# Keep Old Craftsman or New Router?



## JeffKim (Nov 16, 2020)

I'm a mostly beginning woodworker new to routers. I inherited an old Craftsman 31517380 (circa 1973) from my father. It seems to run well and I don't think he used it much. I don't know how much routers have changed over the years and I'm wondering if I should invest in an new one or if this one is adequate for basic needs? I'm guessing most 1/4" bits will work with this one, but not sure if the setup is easier with new ones, etc.? I'll also need a table for it.

Thanks!


----------



## Semipro (Mar 22, 2013)

Hello and welcome to the router forum Jeff
Like most tools routers have improved but why not make a few small projects with old one, if you really get serious about woodworking you will probably want to upgrade but if are really serious about building a table I would probably get a new router before building it


----------



## JeffKim (Nov 16, 2020)

Thanks!


----------



## JOAT (Apr 9, 2010)

If it runs, keep it, and use it until it dies. When it dies likely not able to find the parts to repair it, so toss it, or keep it for parts - never can tell what you might run across. I have 4 or 5 old Craftsman routers (only use 1, so lose count), they all work, the new one is somewhere between 15 and 20yo. When the one I use dies, I'll toss it, or keep it for parts, and start using a different one. Make a table. My router plate is 1/2" plywood, and I made a master so I can clone them. Will fit any router not wider than mine, just have to drill screw holes.


----------



## DesertRatTom (Jul 3, 2012)

Craftsman tools are notoriously hard to find replacement parts for. First thing I'd do is work out how to make a router table top. A piece of VERY FLAT ply will do. I'd do it in two layers, half inch on top, 3/4 under. Cut an opening with a jig saw to just fit whatever router plate you get as close a fit as possible. Cut a smaller hole in the 3/4 leaving a lip of about half an inch for the plate. You can buy a plate for many routers, but more on that in a minute. Kreg makes some height adjustment screws you put in the corners so you can adjust the plat so it's the height of the half inch top. I mention the table because it is SOOOOOO much safer to use than holding the router freehand. Many mounting plates come pre drilled for one of our favorites, the Bosch 1617. Buy the EVSPK kit with both fixed and plunge base. You can mount the fixed base in your table top. You move it up and down in the clamped base to get the rough height you want, and then it has a fine height adjustment to get it exactly right. The plunge base is great for freehand work.

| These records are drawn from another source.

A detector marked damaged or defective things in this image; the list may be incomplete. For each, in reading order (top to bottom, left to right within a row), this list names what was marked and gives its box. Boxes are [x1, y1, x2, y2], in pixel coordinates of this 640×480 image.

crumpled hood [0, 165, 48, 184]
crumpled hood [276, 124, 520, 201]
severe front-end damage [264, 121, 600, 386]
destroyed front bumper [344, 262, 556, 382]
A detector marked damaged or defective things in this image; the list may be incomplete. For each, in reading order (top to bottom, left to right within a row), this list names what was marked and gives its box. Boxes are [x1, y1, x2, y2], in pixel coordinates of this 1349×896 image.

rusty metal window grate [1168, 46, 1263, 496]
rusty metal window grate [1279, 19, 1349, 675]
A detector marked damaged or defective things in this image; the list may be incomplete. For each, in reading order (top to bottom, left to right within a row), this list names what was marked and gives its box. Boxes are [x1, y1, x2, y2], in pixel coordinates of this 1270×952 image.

The reason the collet is such an issue is that it works by compressing the gripping part a few thousandths of an inch to hold the bit in place. They are actually high precision devices and must be clean and dry, and they do wear out and are susceptible to damage.

In case you can't tell, I come down on the side of get a new router because I get frustrated with the old stuff. The 1617 will do everything you ask of it, it has a soft start so it is easier to control on startup, and parts and accessories abound. Old routers are only as good as the collet, and we constantly have new members trying to fine one because Craftsman doesn't stock old parts.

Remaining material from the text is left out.